Daß eine Rückführung des Mülls erfolgen muß, streitet die Anti-AKW-Bewegung nicht ab. "Aber Rot-Grün diskutiert diese Entsorgungsstrategie unabhängig von einer Stillegungsstrategie", begründet Ehmke seine Unnachgiebigkeit. Konflikte mit den Grünen seien dann unausweichlich, sollten sie den Atomkraftgegnern raten, "zwischen ‘gutem’ und ‘schlechtem’ Atommüll zu unterscheiden".

Daß "der Widerstand" gegen die Castor-Transporte nicht nachlassen wird, machte Ehmke bereits in der letzten Ausgabe der anti atom aktuell deutlich: "Für die Umweltverbände und die dahinter stehende bzw. autonom agierende Anti-AKW-Bewegung gab und gibt es nichts zu ‘verhandeln’, denn ein Spiel mit dem Restrisiko, ein Ja zum Weiterbetrieb von Atomanlagen (…) kann es nicht geben." Entsprechend unmißverständlich ist die Haltung Ehmkes zu den laufenden Gesprächen: "Konsens ist Nonsens" ist sein Zeitschriftenbeitrag in anti atom aktuell überschrieben.

Als Konsequenz daraus ergebe sich für die Anti-AKW-Bewegung nur eines, sie muß sich "auf ihre besten Qualitäten besinnen: Aktionsbereitschaft".

Ähnlich sieht es auch Jochen Stay von der Anti-AKW-Kampagne "X-tausendmal quer – überall". Auch er hält ein Nachlassen der Aktivitäten für verkehrt und kündigte die Fortsetzung der Aktionen an. Vorbereitungen für "den Tag X" laufen bereits, ein erstes Planungswochenende seiner Kampagne sowie "ein Vernetzungstreffen aller Initiativen" fanden bereits im Januar statt. Überlegt werde im Moment vor allem, wie die Mobilisierung bis zum ersten Castor-Transport "sowohl effektiv als auch attraktiv" erfolgen kann. In der Zeitschrift Graswurzelrevolution stellt Stay dieszüglich bereits Möglichkeiten zur Disposition: "Zwischenlager-Bauplätze besetzen? Bauverkehr blockieren? Konsensgespräche stören? Laufende AKWs dichtmachen? Stromkonzerne ärgern? Lassen wir uns überraschen!" Schon jetzt steht aber fest: "Der erste Castor, der wieder fährt, egal von wo und nach wo, den werden wir blockieren."

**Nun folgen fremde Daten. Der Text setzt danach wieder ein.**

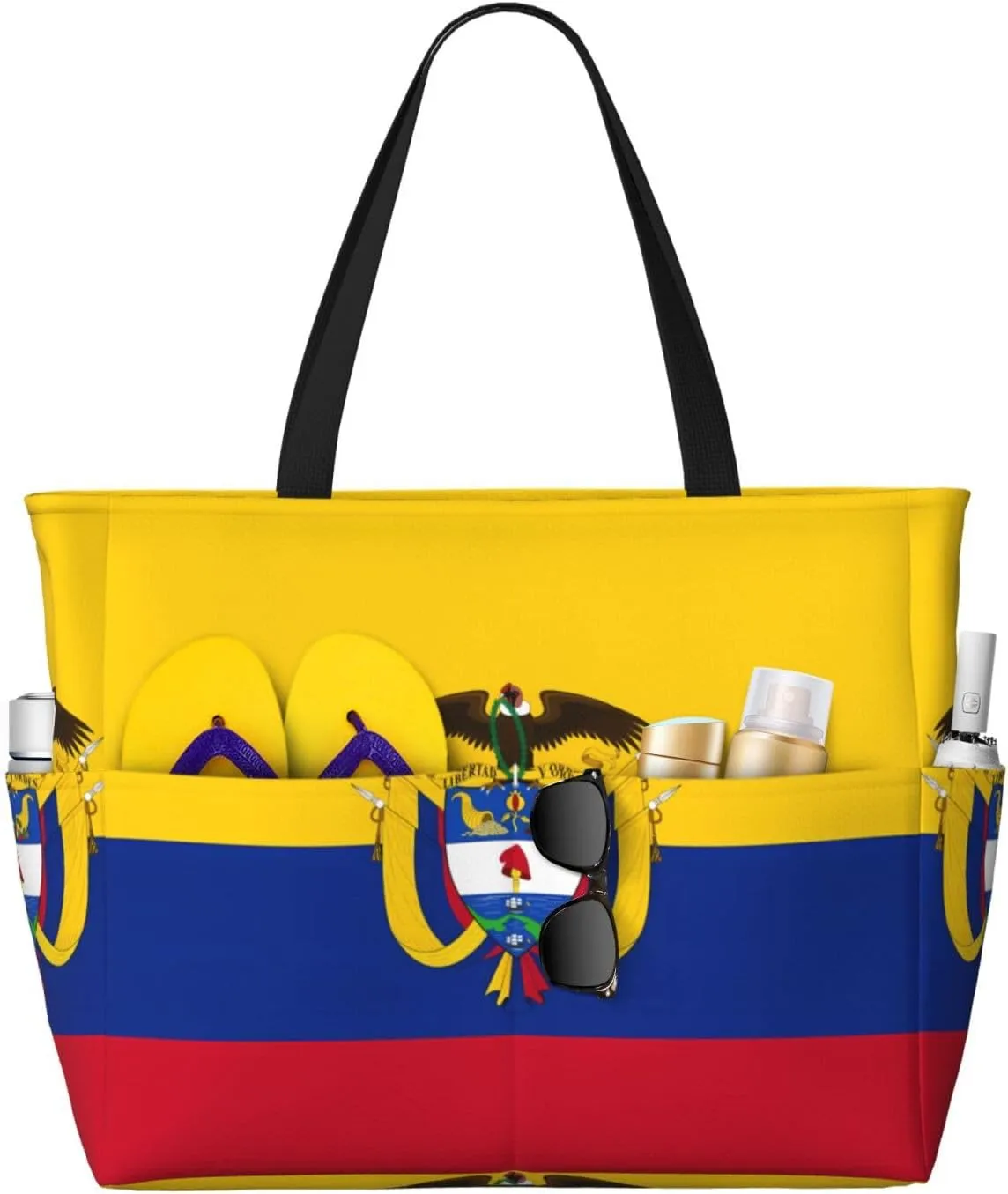 Colombia American Flag Women Large Beach Bag Travel Weekender Foldable Tote Bag for Pool Beach Vacation Gym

Mit "konsequentem Widerstand" ist zu rechnen

Wie auch immer die Konsensgespräche ausgehen werden, die Anti-Atom-Bewegung hat unmißverständlich klargemacht, daß für sie nur eine Stillegung aller AKWs "sofort und ohne jeden Aufschub" akzeptabel sei. Mit "konsequent anhaltendem Widerstand" ist also zu rechnen. Denn auch den Transport "rot-grüner" Castoren wollen die Atomkraftgegner "mit allen Mitteln verhindern".